- ACTIVITY -
Would you repeat, exactly as given, the line with "MondrianNFT Composition #3274" and every line after it to the end of the entries?

- SOURCE MATERIAL -
------------------------

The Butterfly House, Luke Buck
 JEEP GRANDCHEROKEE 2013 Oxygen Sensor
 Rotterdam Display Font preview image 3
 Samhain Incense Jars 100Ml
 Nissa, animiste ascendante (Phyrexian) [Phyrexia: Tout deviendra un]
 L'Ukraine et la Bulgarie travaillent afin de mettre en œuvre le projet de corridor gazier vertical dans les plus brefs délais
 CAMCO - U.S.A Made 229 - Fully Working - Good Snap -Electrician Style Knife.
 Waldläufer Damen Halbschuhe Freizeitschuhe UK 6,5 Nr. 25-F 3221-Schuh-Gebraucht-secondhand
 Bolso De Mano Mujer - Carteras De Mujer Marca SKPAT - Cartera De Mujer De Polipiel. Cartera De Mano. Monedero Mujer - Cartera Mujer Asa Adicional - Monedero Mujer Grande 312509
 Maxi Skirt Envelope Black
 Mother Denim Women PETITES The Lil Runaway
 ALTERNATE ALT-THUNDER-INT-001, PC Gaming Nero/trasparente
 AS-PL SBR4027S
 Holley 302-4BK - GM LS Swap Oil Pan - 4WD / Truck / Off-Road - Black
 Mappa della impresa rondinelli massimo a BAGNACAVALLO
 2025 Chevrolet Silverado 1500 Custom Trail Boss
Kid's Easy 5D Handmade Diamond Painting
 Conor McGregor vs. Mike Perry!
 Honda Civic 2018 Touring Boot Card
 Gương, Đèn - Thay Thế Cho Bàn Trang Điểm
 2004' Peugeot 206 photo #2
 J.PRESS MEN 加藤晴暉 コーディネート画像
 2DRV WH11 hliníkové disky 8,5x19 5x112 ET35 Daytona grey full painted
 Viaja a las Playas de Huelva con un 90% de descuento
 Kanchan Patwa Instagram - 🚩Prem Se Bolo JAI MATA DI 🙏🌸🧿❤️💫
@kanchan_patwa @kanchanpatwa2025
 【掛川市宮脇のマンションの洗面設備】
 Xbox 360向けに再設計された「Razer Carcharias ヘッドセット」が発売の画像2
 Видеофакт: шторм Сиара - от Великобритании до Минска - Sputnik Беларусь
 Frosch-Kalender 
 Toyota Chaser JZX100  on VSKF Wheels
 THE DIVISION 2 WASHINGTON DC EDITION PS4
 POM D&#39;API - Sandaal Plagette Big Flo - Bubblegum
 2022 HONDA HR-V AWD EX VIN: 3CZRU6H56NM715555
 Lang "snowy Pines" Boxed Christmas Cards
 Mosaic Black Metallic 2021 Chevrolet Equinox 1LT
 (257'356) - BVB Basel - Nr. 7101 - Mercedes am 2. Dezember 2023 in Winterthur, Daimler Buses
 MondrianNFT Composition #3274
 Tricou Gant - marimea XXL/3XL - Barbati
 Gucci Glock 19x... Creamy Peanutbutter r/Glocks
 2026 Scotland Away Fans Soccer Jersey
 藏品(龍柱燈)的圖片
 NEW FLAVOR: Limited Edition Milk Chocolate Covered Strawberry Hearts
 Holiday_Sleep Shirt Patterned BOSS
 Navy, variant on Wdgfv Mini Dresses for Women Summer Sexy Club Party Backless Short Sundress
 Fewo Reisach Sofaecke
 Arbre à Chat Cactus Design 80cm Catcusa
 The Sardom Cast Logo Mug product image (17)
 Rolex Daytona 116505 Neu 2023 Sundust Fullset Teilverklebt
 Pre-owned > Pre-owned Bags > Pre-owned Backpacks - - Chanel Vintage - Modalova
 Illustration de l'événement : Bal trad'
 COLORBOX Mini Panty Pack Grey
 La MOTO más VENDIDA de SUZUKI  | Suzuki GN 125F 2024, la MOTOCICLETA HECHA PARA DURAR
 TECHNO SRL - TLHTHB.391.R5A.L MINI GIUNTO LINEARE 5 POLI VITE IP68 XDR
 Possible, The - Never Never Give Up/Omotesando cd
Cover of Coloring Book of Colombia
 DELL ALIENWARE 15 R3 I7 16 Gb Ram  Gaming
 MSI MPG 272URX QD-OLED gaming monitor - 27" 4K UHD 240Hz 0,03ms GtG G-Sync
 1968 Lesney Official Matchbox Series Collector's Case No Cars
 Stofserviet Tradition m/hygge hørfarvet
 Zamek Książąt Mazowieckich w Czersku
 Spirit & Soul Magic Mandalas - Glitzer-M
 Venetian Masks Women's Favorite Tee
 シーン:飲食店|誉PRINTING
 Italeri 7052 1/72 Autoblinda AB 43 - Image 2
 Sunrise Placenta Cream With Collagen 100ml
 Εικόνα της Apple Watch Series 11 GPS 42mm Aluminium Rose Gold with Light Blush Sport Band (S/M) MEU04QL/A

------------------------

- YOUR SOLUTION -
 MondrianNFT Composition #3274
 Tricou Gant - marimea XXL/3XL - Barbati
 Gucci Glock 19x... Creamy Peanutbutter r/Glocks
 2026 Scotland Away Fans Soccer Jersey
 藏品(龍柱燈)的圖片
 NEW FLAVOR: Limited Edition Milk Chocolate Covered Strawberry Hearts
 Holiday_Sleep Shirt Patterned BOSS
 Navy, variant on Wdgfv Mini Dresses for Women Summer Sexy Club Party Backless Short Sundress
 Fewo Reisach Sofaecke
 Arbre à Chat Cactus Design 80cm Catcusa
 The Sardom Cast Logo Mug product image (17)
 Rolex Daytona 116505 Neu 2023 Sundust Fullset Teilverklebt
 Pre-owned > Pre-owned Bags > Pre-owned Backpacks - - Chanel Vintage - Modalova
 Illustration de l'événement : Bal trad'
 COLORBOX Mini Panty Pack Grey
 La MOTO más VENDIDA de SUZUKI  | Suzuki GN 125F 2024, la MOTOCICLETA HECHA PARA DURAR
 TECHNO SRL - TLHTHB.391.R5A.L MINI GIUNTO LINEARE 5 POLI VITE IP68 XDR
 Possible, The - Never Never Give Up/Omotesando cd
Cover of Coloring Book of Colombia
 DELL ALIENWARE 15 R3 I7 16 Gb Ram  Gaming
 MSI MPG 272URX QD-OLED gaming monitor - 27" 4K UHD 240Hz 0,03ms GtG G-Sync
 1968 Lesney Official Matchbox Series Collector's Case No Cars
 Stofserviet Tradition m/hygge hørfarvet
 Zamek Książąt Mazowieckich w Czersku
 Spirit & Soul Magic Mandalas - Glitzer-M
 Venetian Masks Women's Favorite Tee
 シーン:飲食店|誉PRINTING
 Italeri 7052 1/72 Autoblinda AB 43 - Image 2
 Sunrise Placenta Cream With Collagen 100ml
 Εικόνα της Apple Watch Series 11 GPS 42mm Aluminium Rose Gold with Light Blush Sport Band (S/M) MEU04QL/A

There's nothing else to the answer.